2016-06-28T22:24:22.704832+02:00 suse1 sbd: [4053]: info: Delivery process handling /dev/disk/by-id/scsi-1ATA_VBOX_HARDDISK_VBfcc9b5de-d4e560d5
2016-06-28T22:24:22.706552+02:00 suse1 sbd: [4053]: info: Device UUID: a8ed63ee-ce0d-40db-963b-01d67208f75b
2016-06-28T22:24:22.706750+02:00 suse1 sbd: [4053]: info: Writing reset to node slot suse2
2016-06-28T22:24:22.707810+02:00 suse1 sbd: [4053]: info: Messaging delay: 50
2016-06-28T22:25:06.602606+02:00 suse1 lrmd[1804]: warning: dlm_monitor_60000 process (PID 3922) timed out
2016-06-28T22:25:06.607541+02:00 suse1 lrmd[1804]: warning: dlm_monitor_60000:3922 - timed out after 60000ms
2016-06-28T22:25:06.607828+02:00 suse1 crmd[1807]: error: Operation dlm_monitor_60000: Timed Out (node=suse1, call=24, timeout=60000ms)
2016-06-28T22:25:12.708604+02:00 suse1 sbd: [4053]: info: reset successfully delivered to suse2
2016-06-28T22:25:12.730007+02:00 suse1 sbd: [4052]: info: Message successfully delivered.
2016-06-28T22:25:13.732768+02:00 suse1 stonith-ng[1803]: notice: Operation ‘reboot’ [4033] (call 2 from stonith-api.3421) for host ‘suse2’ with device ‘stonith-sbd’ returned: 0 (OK)
2016-06-28T22:25:13.736734+02:00 suse1 stonith-ng[1803]: notice: Operation reboot of suse2 by suse1 for stonith-api.3421@suse1.ad0373ac: OK
2016-06-28T22:25:13.736971+02:00 suse1 stonith-api[3421]: stonith_api_kick: Node 2/(null) kicked: reboot
2016-06-28T22:25:13.737135+02:00 suse1 crmd[1807]: notice: Peer suse2 was terminated (reboot) by suse1 for suse1: OK (ref=ad0373ac-938c-4bee-9e07-0476c004f0b9) by client stonith-api.3421
2016-06-28T22:25:13.740752+02:00 suse1 stonith-api[3421]: stonith_api_time: Found 4 entries for 2/(null): 0 in progress, 3 completed
2016-06-28T22:25:13.741070+02:00 suse1 stonith-api[3421]: stonith_api_time: Node 2/(null) last kicked at: 1467145513
2016-06-28T22:25:13.784110+02:00 suse1 sbd: [4363]: info: Watchdog enabled.
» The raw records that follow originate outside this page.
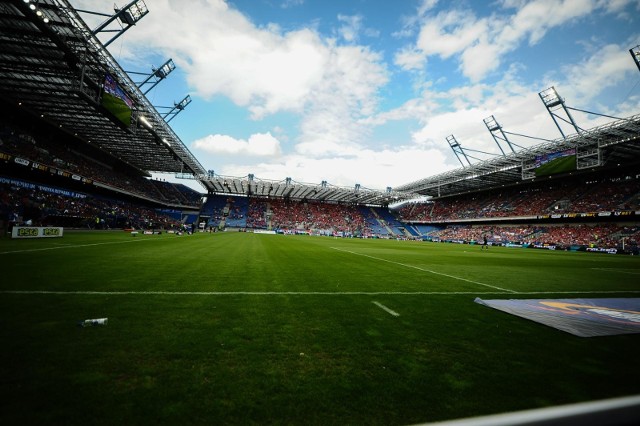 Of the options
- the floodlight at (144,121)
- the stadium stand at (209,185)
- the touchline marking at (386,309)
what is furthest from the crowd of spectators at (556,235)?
the floodlight at (144,121)

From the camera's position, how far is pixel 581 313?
248 inches

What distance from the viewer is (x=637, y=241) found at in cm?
3603

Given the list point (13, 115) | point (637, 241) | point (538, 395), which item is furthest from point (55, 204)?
point (637, 241)

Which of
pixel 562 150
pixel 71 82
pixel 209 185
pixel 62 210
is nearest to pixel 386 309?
pixel 71 82

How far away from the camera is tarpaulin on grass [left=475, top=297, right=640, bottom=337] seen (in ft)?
17.4

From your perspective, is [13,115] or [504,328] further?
[13,115]

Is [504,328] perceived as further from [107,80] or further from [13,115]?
[13,115]

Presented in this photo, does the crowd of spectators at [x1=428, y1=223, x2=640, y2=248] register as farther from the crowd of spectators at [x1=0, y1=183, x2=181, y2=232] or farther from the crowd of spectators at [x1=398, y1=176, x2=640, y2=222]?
the crowd of spectators at [x1=0, y1=183, x2=181, y2=232]

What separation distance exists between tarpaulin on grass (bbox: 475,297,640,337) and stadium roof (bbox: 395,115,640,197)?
34.3 metres

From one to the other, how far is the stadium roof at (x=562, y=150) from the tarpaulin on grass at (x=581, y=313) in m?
34.3

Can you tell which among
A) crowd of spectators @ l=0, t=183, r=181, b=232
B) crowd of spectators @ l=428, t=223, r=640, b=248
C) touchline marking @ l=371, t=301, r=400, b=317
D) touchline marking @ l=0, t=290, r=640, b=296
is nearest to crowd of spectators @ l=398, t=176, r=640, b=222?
crowd of spectators @ l=428, t=223, r=640, b=248

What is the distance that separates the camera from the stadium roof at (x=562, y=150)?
3219 centimetres

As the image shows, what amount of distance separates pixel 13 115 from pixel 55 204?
433 inches

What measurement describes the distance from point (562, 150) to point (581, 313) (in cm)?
4089
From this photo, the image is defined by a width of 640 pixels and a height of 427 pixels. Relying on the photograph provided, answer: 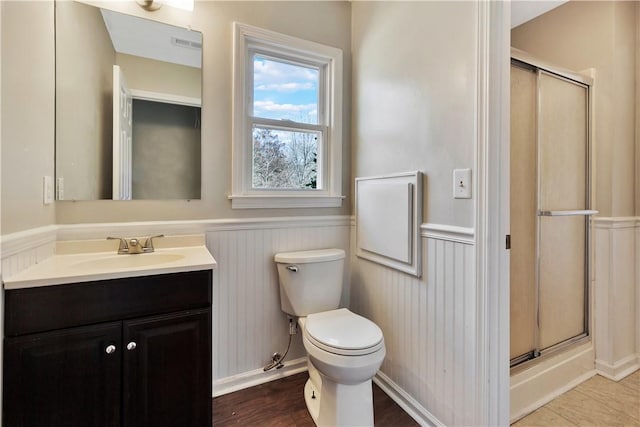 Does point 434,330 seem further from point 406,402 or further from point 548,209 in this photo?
point 548,209

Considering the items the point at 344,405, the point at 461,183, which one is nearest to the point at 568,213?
the point at 461,183

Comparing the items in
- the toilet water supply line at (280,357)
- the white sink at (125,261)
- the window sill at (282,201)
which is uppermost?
the window sill at (282,201)

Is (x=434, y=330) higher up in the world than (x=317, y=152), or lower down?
lower down

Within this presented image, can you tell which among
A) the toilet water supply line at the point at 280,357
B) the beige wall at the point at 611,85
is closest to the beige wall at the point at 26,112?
the toilet water supply line at the point at 280,357

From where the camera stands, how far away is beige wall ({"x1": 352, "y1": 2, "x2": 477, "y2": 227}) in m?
1.26

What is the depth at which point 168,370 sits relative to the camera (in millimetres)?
1169

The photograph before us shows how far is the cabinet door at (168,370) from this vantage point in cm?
112

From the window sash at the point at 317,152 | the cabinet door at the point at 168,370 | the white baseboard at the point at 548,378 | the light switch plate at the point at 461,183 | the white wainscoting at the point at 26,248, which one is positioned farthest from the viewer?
the window sash at the point at 317,152

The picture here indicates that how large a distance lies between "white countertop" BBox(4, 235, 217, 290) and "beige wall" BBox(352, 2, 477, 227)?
1.04m

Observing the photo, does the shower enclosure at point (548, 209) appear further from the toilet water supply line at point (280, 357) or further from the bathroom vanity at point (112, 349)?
the bathroom vanity at point (112, 349)

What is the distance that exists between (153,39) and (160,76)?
0.60ft

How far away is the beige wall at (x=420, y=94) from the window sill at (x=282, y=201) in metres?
0.26

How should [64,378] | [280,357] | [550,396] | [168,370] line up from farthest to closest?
[280,357] < [550,396] < [168,370] < [64,378]

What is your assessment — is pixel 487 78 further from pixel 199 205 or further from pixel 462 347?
pixel 199 205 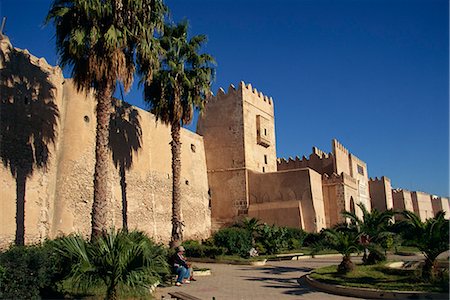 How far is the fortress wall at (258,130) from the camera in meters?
32.8

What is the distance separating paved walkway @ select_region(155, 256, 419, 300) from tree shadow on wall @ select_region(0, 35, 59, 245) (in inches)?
286

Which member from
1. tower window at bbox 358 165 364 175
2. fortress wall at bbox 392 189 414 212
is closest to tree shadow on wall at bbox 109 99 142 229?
tower window at bbox 358 165 364 175

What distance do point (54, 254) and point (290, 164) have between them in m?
33.2

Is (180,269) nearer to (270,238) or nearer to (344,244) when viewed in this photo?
(344,244)

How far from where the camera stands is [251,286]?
12.4 metres

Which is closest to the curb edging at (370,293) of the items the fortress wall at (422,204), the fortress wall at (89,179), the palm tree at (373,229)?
the palm tree at (373,229)

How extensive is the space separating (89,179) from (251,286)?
34.1 feet

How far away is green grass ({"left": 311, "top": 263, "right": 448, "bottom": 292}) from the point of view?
10531 millimetres

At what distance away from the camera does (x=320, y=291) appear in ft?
38.1

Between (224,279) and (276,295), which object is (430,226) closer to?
(276,295)

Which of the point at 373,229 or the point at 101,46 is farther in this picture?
the point at 373,229

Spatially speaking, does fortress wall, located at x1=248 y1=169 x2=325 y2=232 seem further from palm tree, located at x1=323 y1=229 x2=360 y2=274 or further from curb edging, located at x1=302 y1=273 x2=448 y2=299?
curb edging, located at x1=302 y1=273 x2=448 y2=299

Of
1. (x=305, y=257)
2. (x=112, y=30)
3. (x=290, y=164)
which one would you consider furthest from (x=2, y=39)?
(x=290, y=164)

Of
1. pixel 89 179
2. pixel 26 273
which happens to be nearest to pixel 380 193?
pixel 89 179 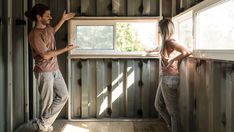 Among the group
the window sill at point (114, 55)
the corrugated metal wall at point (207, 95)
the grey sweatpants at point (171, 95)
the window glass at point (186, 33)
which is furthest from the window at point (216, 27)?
the window sill at point (114, 55)

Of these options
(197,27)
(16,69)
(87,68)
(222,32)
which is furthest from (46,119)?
(222,32)

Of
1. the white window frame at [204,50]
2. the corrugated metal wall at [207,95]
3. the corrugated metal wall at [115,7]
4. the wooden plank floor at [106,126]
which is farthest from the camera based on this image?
the corrugated metal wall at [115,7]

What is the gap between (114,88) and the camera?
491cm

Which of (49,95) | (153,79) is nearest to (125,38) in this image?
(153,79)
my config looks like this:

suse1:~ # crm status detail
Last updated: Tue Jun 28 22:21:31 2016 Last change: Tue Jun 28 22:14:22 2016 by hacluster via crmd on suse1
Stack: corosync
Current DC: suse1 (1) (version 1.1.13-14.7-6f22ad7) - partition with quorum
2 nodes and 6 resources configured

Online: [ suse1 (1) suse2 (2) ]

stonith-sbd (stonith:external/sbd): Started suse1
admin_addr (ocf::heartbeat:IPaddr2): Started suse1
Clone Set: gfs2-clone [gfs2-group]
Resource Group: gfs2-group:0
dlm (ocf::pacemaker:controld): Started suse1
gfs2-01 (ocf::heartbeat:Filesystem): Started suse1
Resource Group: gfs2-group:1
dlm (ocf::pacemaker:controld): Started suse2
gfs2-01 (ocf::heartbeat:Filesystem): Started suse2
Started: [ suse1 suse2 ]

suse1:~ # crm configure show
node 1: suse1
node 2: suse2
primitive admin_addr IPaddr2 \
params ip=172.16.1.22 \
op monitor interval=10 timeout=20
primitive dlm ocf:pacemaker:controld \
op monitor interval=60s timeout=60s
primitive gfs2-01 Filesystem \
params device="/dev/disk/by-id/scsi-SATA_VBOX_HARDDISK_VBe1e15cd7-8104f1f3" directory="/disklib/mp001" fstype=gfs2 \
op monitor interval=20s timeout=40s
primitive stonith-sbd stonith:external/sbd \
params pcmk_delay_max=30 \
meta target-role=Started \
op monitor interval=20s timeout=40s start-delay=20s
group gfs2-group dlm gfs2-01
clone gfs2-clone gfs2-group \
meta interleave=true target-role=Started
property cib-bootstrap-options: \
have-watchdog=true \
dc-version=1.1.13-14.7-6f22ad7 \
cluster-infrastructure=corosync \
cluster-name=hacluster \
stonith-enabled=true \
no-quorum-policy=ignore \
placement-strategy=balanced \
stonith-timeout=72 \
stonith-action=poweroff
rsc_defaults rsc-options: \
resource-stickiness=1 \
migration-threshold=3
op_defaults op-options: \
timeout=600 \
record-pending=true

Thanks a lot for your help in advance.[/QUOTE]

Please check if you encountered this issue:
https://github.com/ClusterLabs/pacemaker/pull/839

Upgrade your dlm and pacemaker packages if so, or just revert that patch for controld RA from that redhat guy.